■ **What is required**: The records beneath should be printed exactly, and the pictures are to be left out.

»»

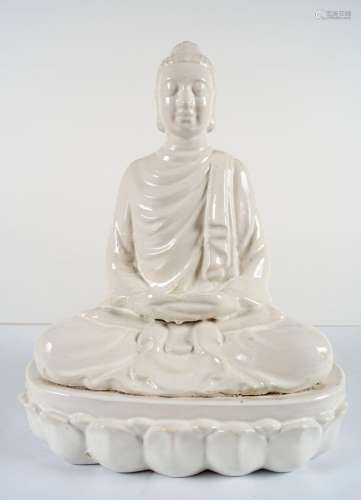 LARGE BLANC DE CHINE BUDDHA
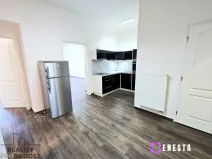 Pronájem bytu 3+1, Praha - Nusle, náměstí Generála Kutlvašra, 100 m2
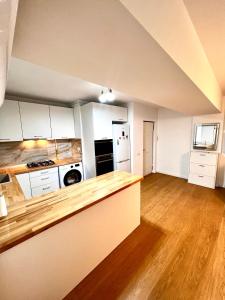 Η κουζίνα ή μικρή κουζίνα στο Piata Ovidiu 14 +8 φωτογραφίες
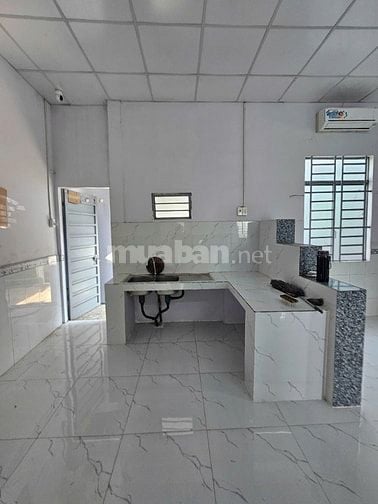Bán căn nhà 2 MT ở Đ. Phạm Thị Thàng , Củ Chi 140m2 SHR giá 850tr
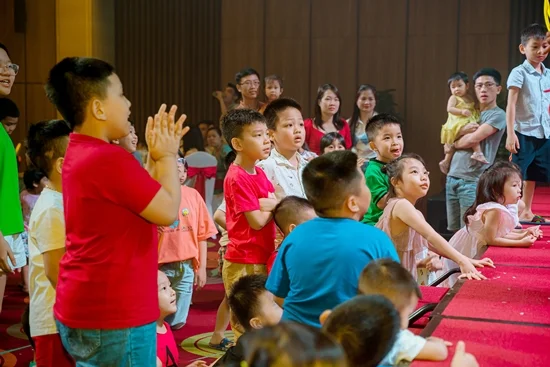 Sôi động cùng các tiết mục ảo thuật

««

■ **Response to the task**:
 LARGE BLANC DE CHINE BUDDHA
 Pronájem bytu 3+1, Praha - Nusle, náměstí Generála Kutlvašra, 100 m2
 Η κουζίνα ή μικρή κουζίνα στο Piata Ovidiu 14 +8 φωτογραφίες
Bán căn nhà 2 MT ở Đ. Phạm Thị Thàng , Củ Chi 140m2 SHR giá 850tr
 Sôi động cùng các tiết mục ảo thuật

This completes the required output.